* [REQUIRED WORK]:
Restate word for word the lines below from the one that has "Picture of father" through the one that has "A row of treadmills", keeping both and dropping all pictures.

* [DATA FOR ANALYSIS]:
━━━━━━━━━━━━━━━━━━━━━━━━━━━━━━
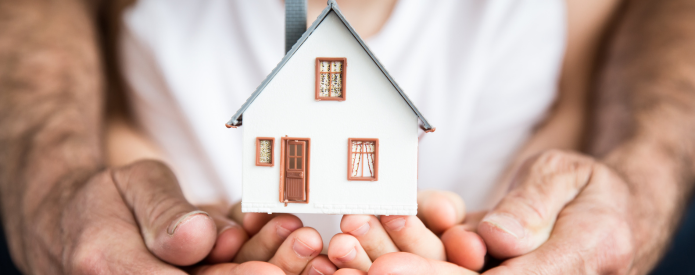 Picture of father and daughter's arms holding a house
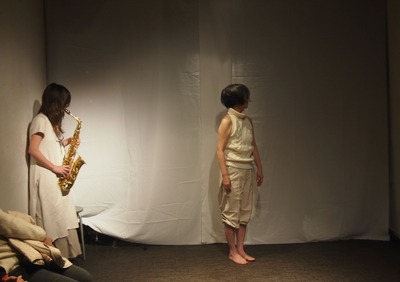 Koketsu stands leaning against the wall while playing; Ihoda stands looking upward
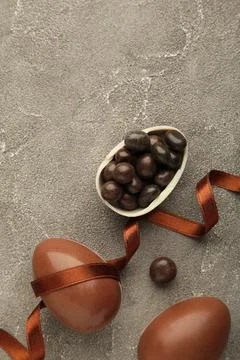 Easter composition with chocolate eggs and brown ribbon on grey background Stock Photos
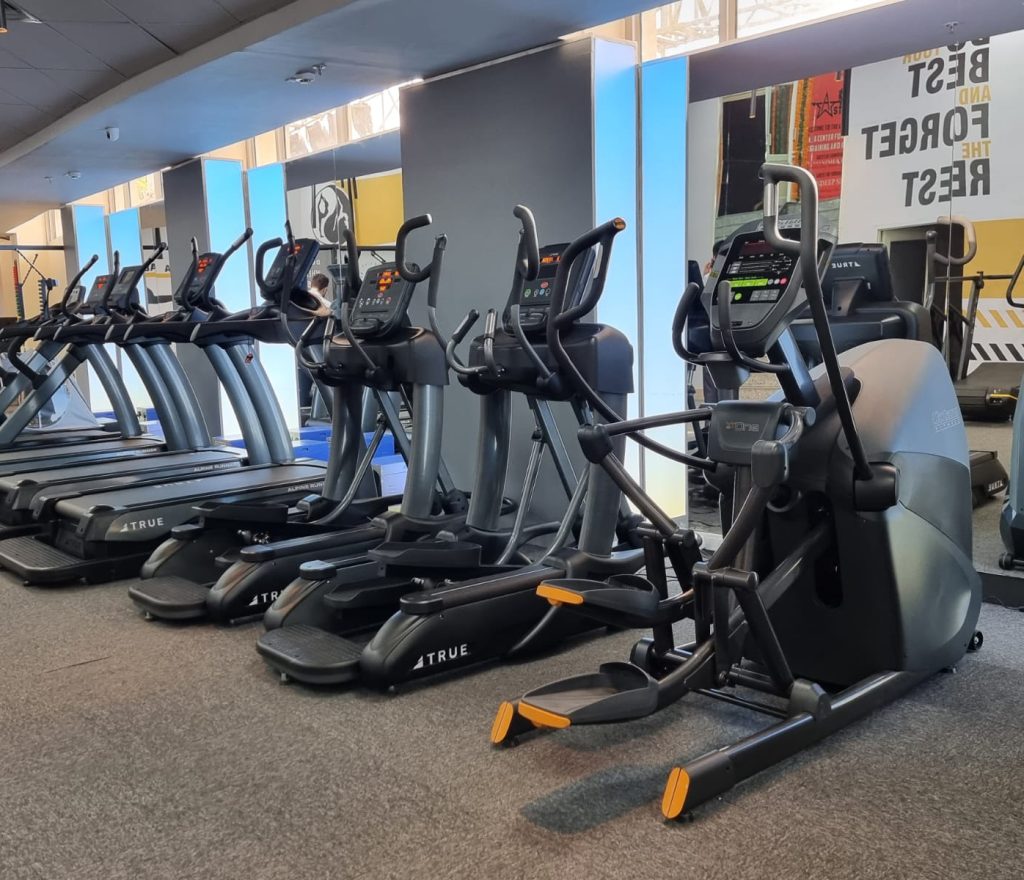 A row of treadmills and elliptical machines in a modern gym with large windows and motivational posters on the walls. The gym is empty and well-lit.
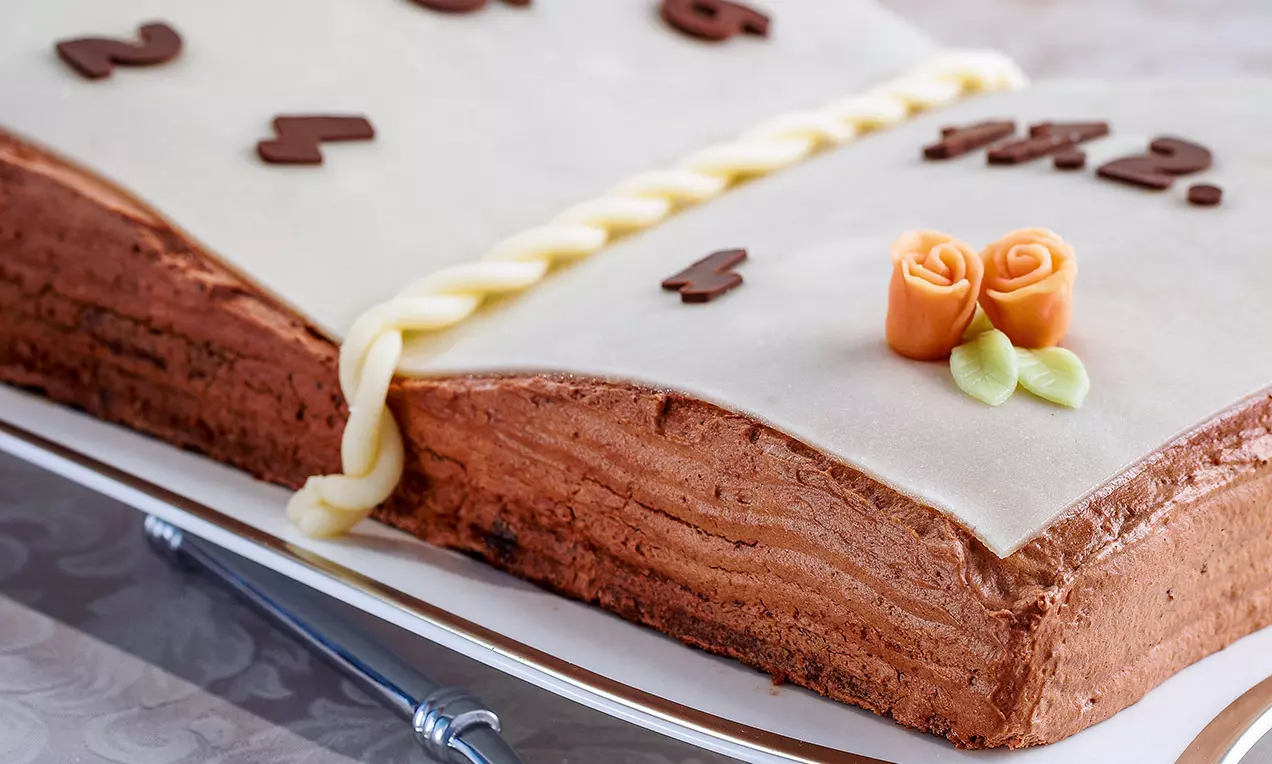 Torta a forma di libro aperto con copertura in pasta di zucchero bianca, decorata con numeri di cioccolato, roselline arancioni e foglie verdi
━━━━━━━━━━━━━━━━━━━━━━━━━━━━━━
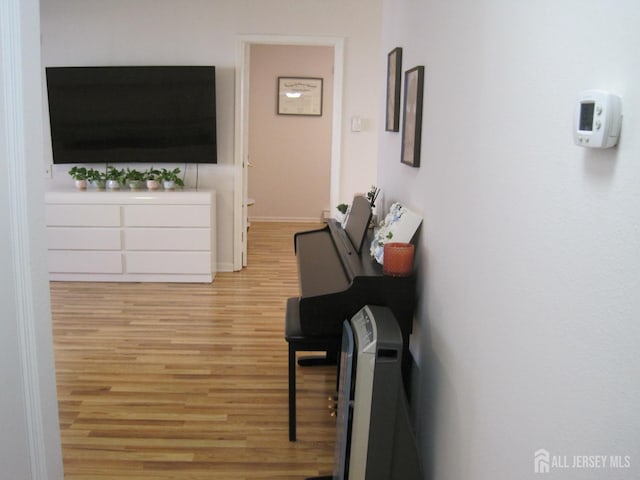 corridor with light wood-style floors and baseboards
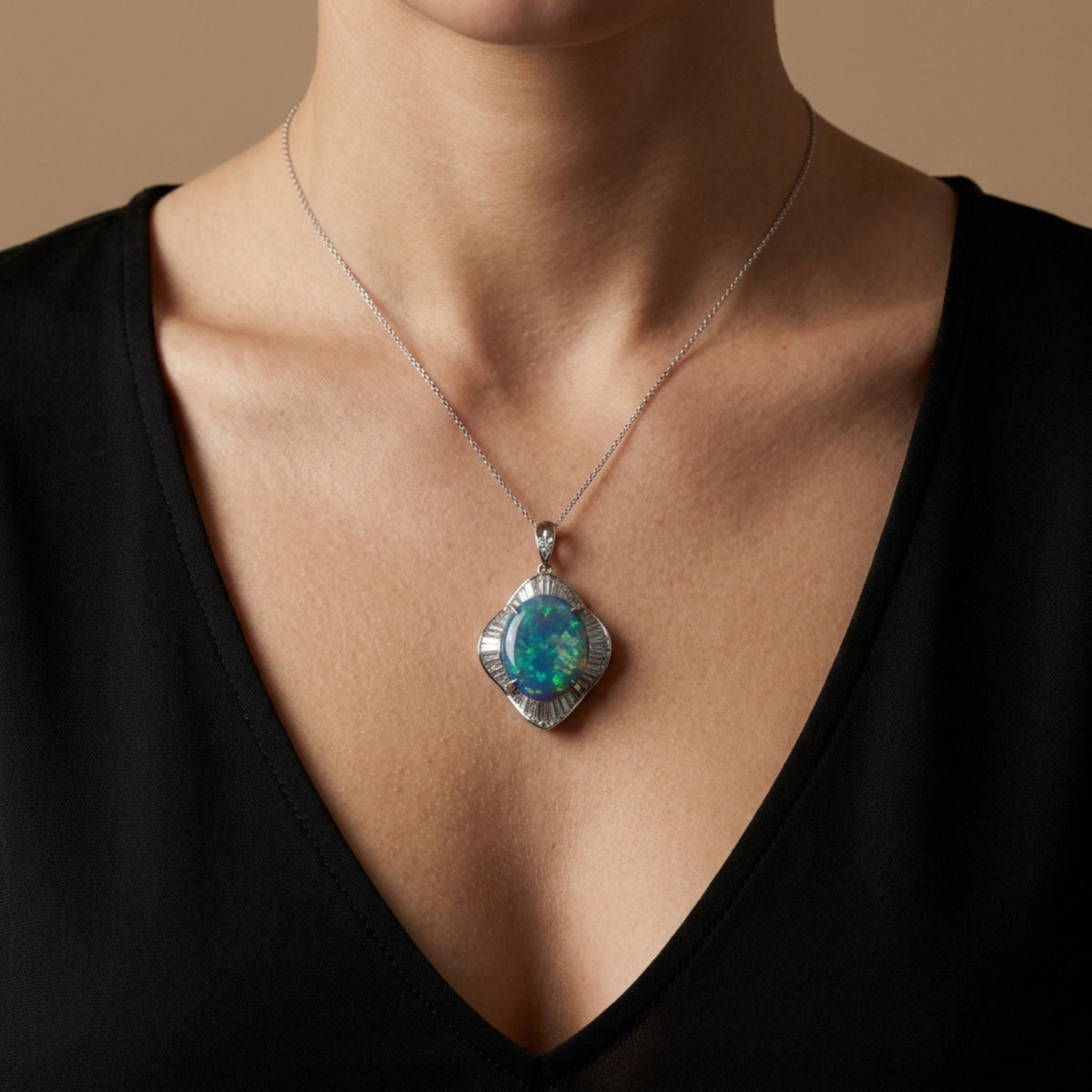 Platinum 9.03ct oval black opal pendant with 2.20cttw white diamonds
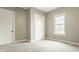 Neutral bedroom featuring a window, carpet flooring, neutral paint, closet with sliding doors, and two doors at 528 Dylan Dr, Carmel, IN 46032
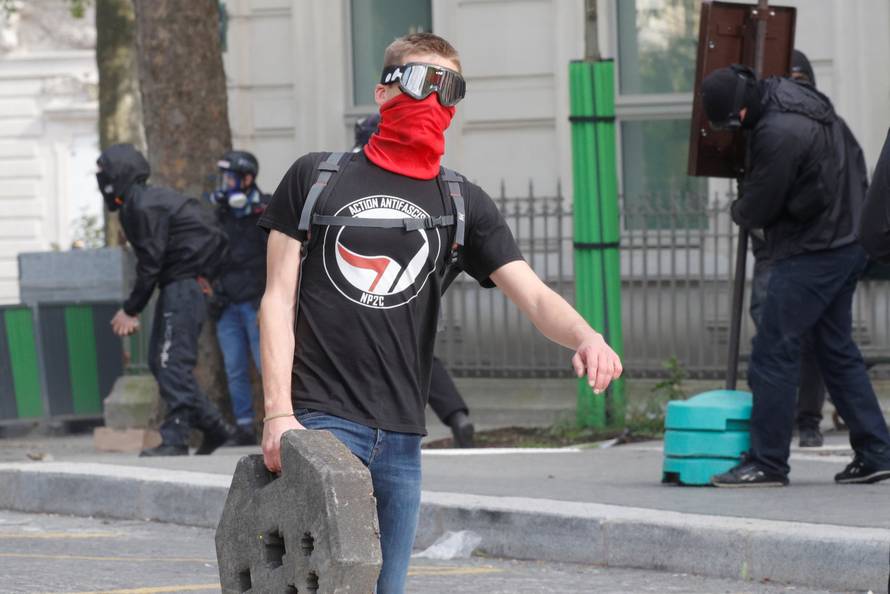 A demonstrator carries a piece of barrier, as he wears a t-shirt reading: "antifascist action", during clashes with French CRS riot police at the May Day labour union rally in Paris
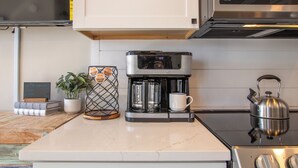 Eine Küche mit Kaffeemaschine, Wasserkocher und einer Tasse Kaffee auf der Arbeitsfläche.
━━━━━━━━━━━━━━━━━━━━━━━━━━━━━━
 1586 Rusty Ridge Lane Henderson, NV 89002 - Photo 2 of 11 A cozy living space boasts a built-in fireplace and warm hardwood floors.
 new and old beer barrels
━━━━━━━━━━━━━━━━━━━━━━━━━━━━━━
* [RESULT OF THE TASK]:
 Picture of father and daughter's arms holding a house
 Koketsu stands leaning against the wall while playing; Ihoda stands looking upward
 Easter composition with chocolate eggs and brown ribbon on grey background Stock Photos
 A row of treadmills and elliptical machines in a modern gym with large windows and motivational posters on the walls. The gym is empty and well-lit.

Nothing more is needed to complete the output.